Description of the task: Once "岩手縣北上市民俗藝能鬼舞 岩手縣北上市民俗藝能鬼舞 100697567" turns up in a line below, reproduce that line and those after it exactly, stopping after the line with "Double Room - Photo 5"; leave pictures out.

Material for this task:
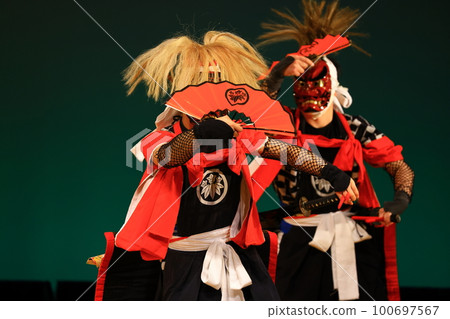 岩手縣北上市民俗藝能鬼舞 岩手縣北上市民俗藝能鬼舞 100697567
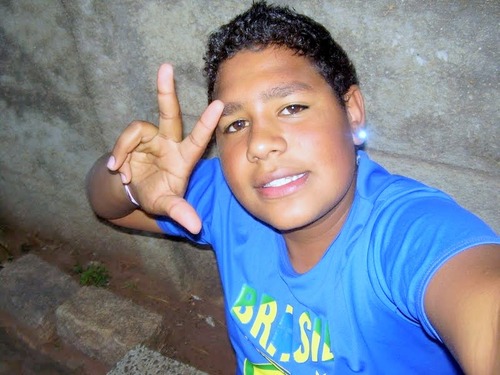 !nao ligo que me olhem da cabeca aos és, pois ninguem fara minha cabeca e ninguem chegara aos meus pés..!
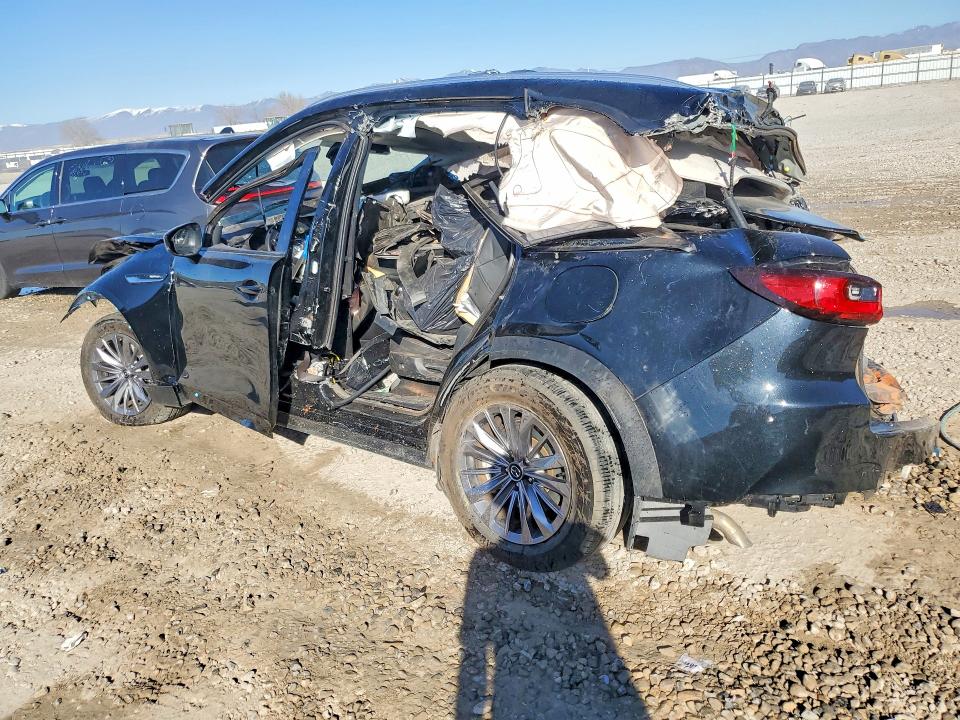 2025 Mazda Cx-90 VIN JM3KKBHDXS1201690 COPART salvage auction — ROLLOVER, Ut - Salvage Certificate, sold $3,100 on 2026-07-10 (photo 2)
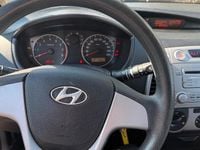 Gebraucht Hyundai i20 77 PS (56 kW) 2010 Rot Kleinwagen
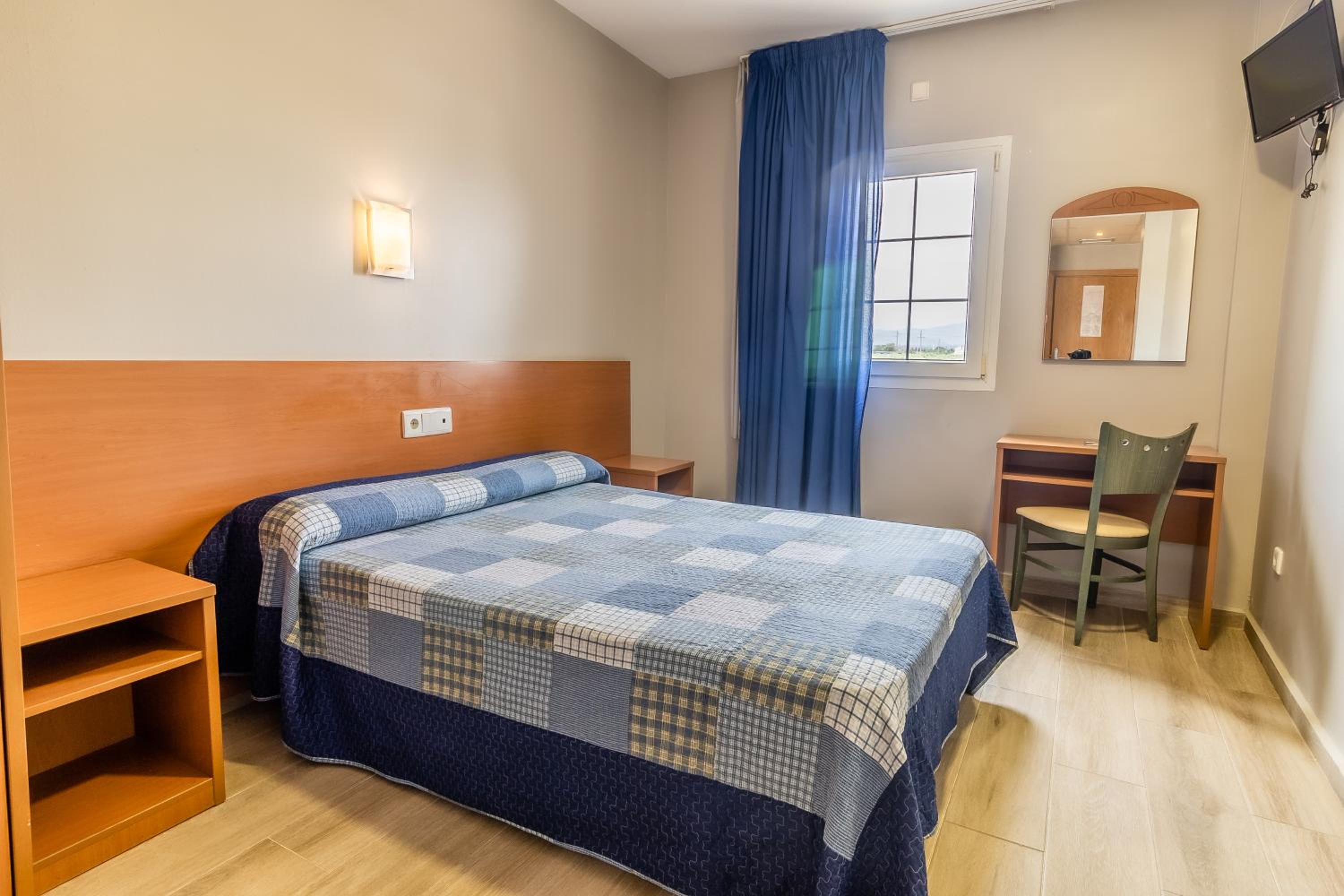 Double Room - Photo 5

...

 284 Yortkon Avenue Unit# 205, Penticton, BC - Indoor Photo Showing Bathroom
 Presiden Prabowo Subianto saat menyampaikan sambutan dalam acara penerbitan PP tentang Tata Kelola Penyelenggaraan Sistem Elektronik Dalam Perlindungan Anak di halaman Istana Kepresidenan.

==

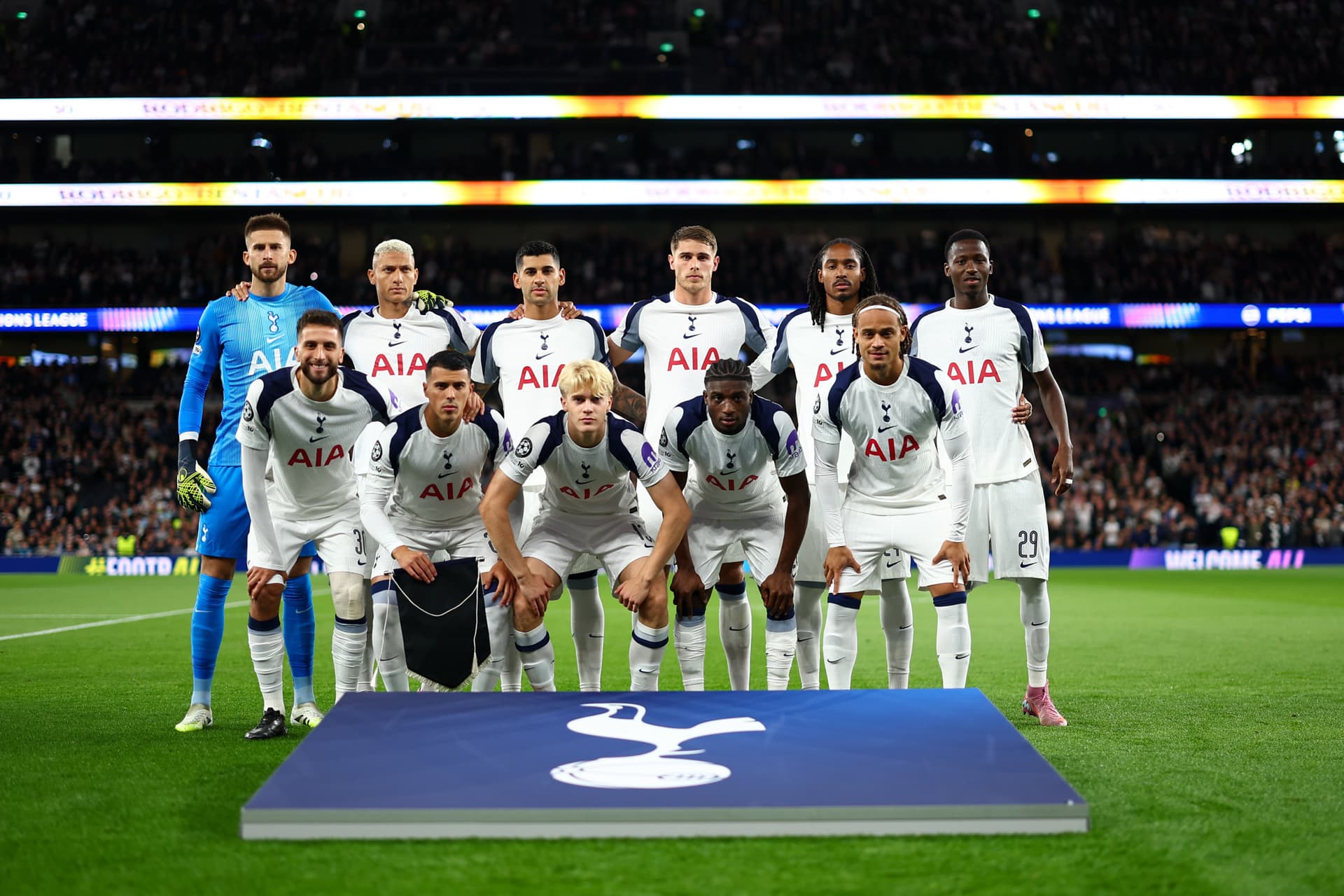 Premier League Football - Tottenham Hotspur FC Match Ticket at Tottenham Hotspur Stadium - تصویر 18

Solution to the problem:
 岩手縣北上市民俗藝能鬼舞 岩手縣北上市民俗藝能鬼舞 100697567
 !nao ligo que me olhem da cabeca aos és, pois ninguem fara minha cabeca e ninguem chegara aos meus pés..!
 2025 Mazda Cx-90 VIN JM3KKBHDXS1201690 COPART salvage auction — ROLLOVER, Ut - Salvage Certificate, sold $3,100 on 2026-07-10 (photo 2)
 Gebraucht Hyundai i20 77 PS (56 kW) 2010 Rot Kleinwagen
 Double Room - Photo 5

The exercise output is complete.